For those who have read my blog in the past, I apologize for the scarcity of posts over the past many months. At long last we are settled into our new home–well almost settled in. After four months of house sitting, as wonderful a blessing as that was, it is a delight to be in our own town home. It isn’t anything exotic, but it is a place to call home. The need to have a place to belong, a place that is ours, is probably worth reflecting on in the months ahead.

Another topic that I have been grappling with is the tension between personal holiness and loving those who are unholy. Of course we are the unholy in and of ourselves, but in Christ we are made holy. We are called to be blameless and above reproach, yet also to love as Jesus loved. Jesus didn’t exactly avoid the blamable and the reproachable, if He did, what hope would there be for us?

So here we are, called to holiness and to love the unholy. Putting aside the “who are you to call yourself holy or to judge others as unholy” question–for that is not the immediate question here–we are left with what appears to be an irresolvable disjunction. How can the “holy” love the “unholy” with out becoming unholy. It sounds like taking a mud bath and staying clean. Yet, is that not what Jesus did?

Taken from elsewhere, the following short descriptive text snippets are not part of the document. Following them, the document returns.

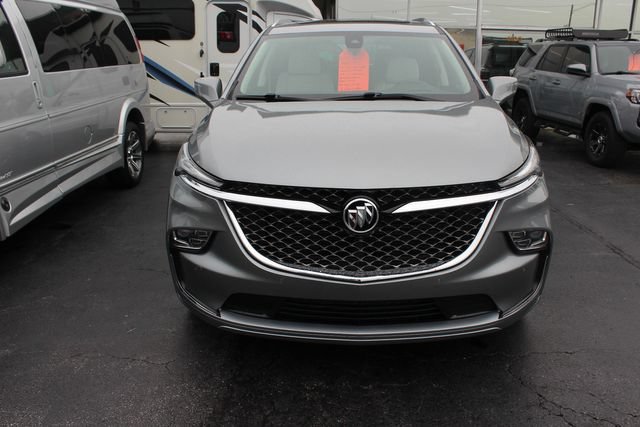 Used 2024 Buick Enclave Avenir w/ Avenir Technology Package AWD/4WD image 14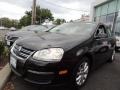 Black - Jetta SE Sedan Photo No. 1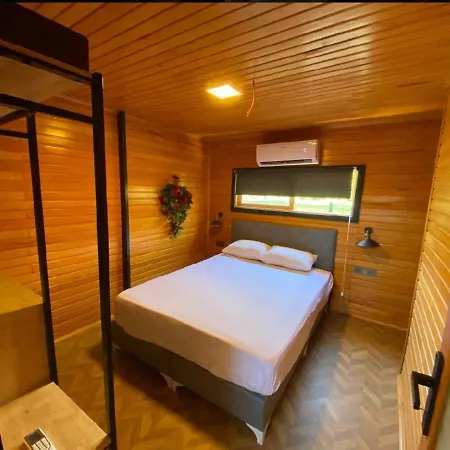 Guest house Fabulous Bungalow With Nature View In Konyaalti *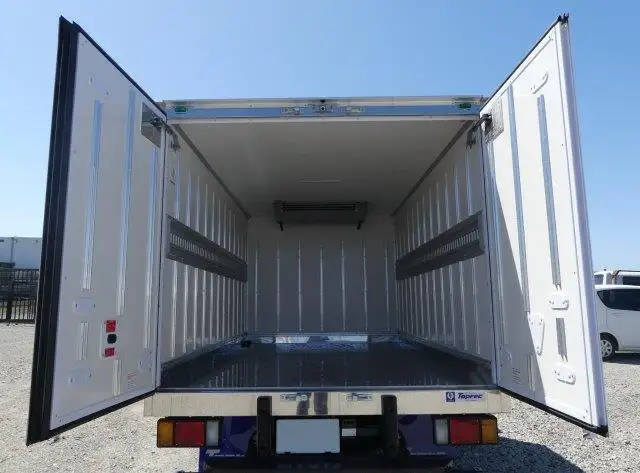 令和05年04月中古小型冷凍バン・ウィングいすゞエルフの画像17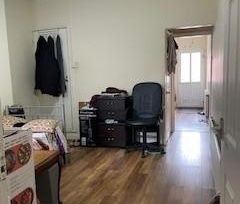 3 bedroom flat to rent - Photo 2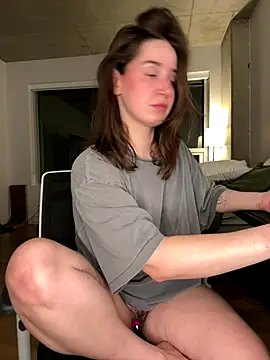 nerdynina online show from 11-21-25, 12:42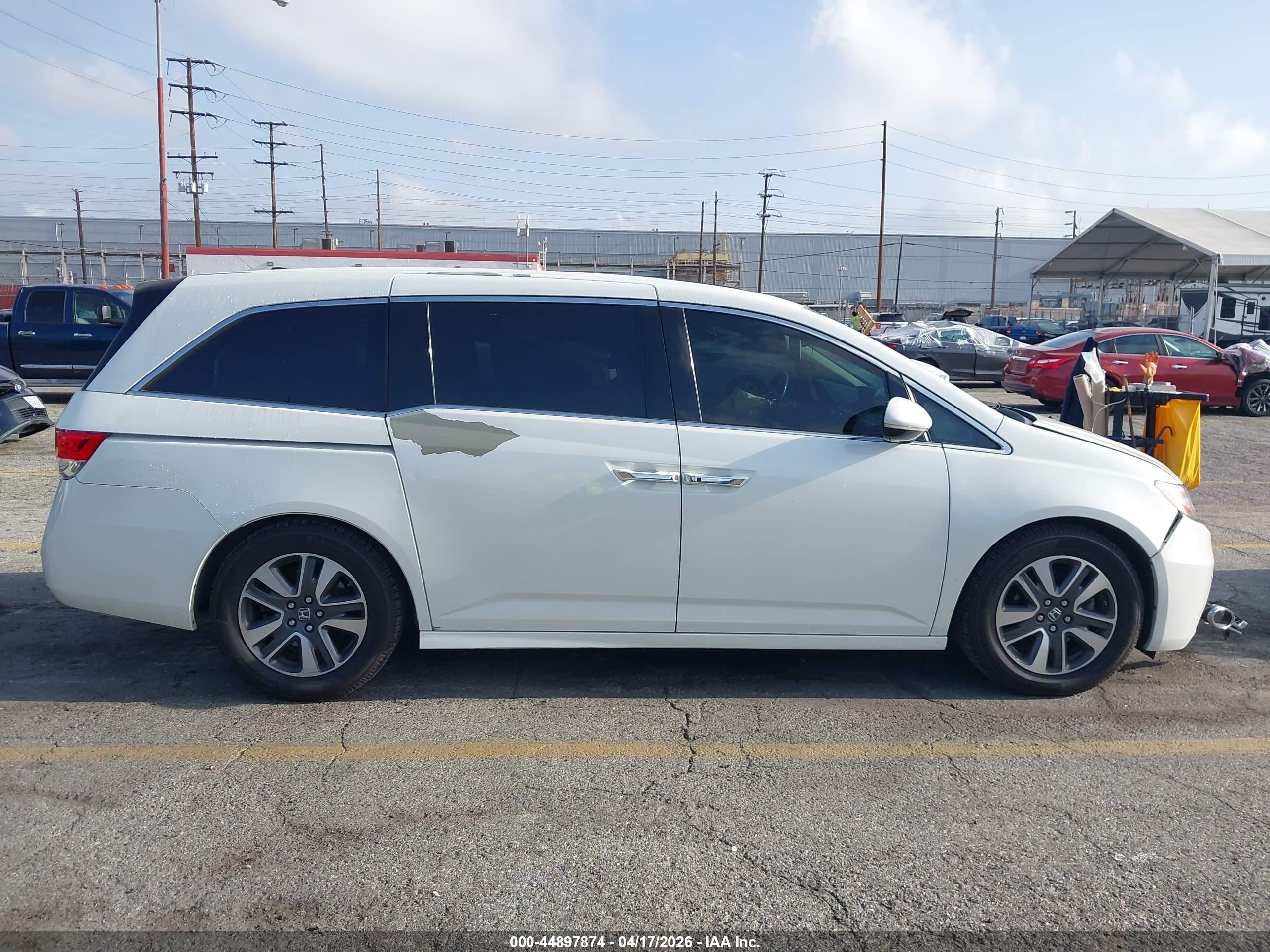 2014 Honda Odyssey Touring/touring Elite White vin: 5FNRL5H97EB093042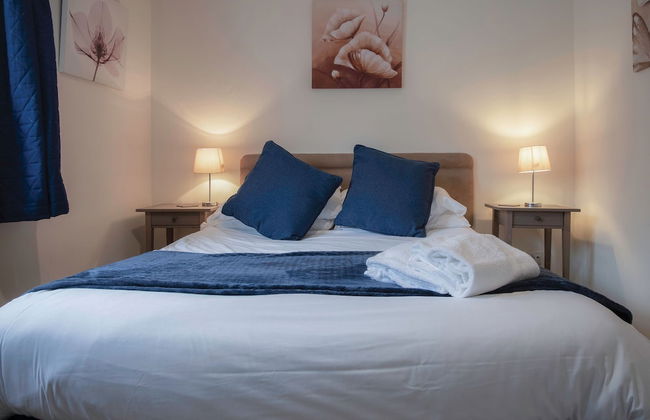 Sea Breeze Apt 3 - 2 Bed - Horton Beach - Photo 3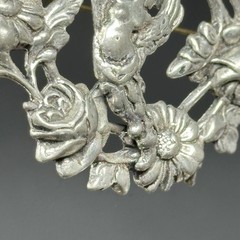 Art Nouveau Brooch Pin Repousse Floral Wreath Art Deco 2″ Vintage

It is hard to blame the Pharisees for questioning how Jesus could be the Messiah when He ate and drank with sinners. All we have to do is to look in the mirror and see our own tendency to distance our selves from the “unholy” when we are feeling “holy.” It is as if fleeing un-holiness makes us holy.

So what of it? Can we grow in holiness while growing in love for the unholy? Can we be holy and love those who Jesus loves?

Maybe the better question is, can we grow in holiness apart from growing in love for those who we would judge as “holiness challenged”?

Paul, in a prayer for the Thessalonians wrote,

Now may our God and Father himself, and our Lord Jesus, direct our way to you, and may the Lord make you increase and abound in love for one another and for all, as we do for you, so that he may establish your hearts blameless in holiness before our God and Father, at the coming of our Lord Jesus with all his saints (1 Thessalonians 3:11-13).

It would seem that love for one another–the “holiness challenged” apparently not excluded–is a prerequisite for being established “blameless in holiness.”

This does not mean that we love un-holiness, but it does mean that we do love one another despite our mutual un-holiness. In that sense, we are called to love those who are un-holy. After all, Christ loved us first while we were “un-holy,” and apart from Christ we have no holiness worth speaking of anyway.

Perhaps the, or at least a measure of our own holiness is our love for those who seem to us to be “unholy.”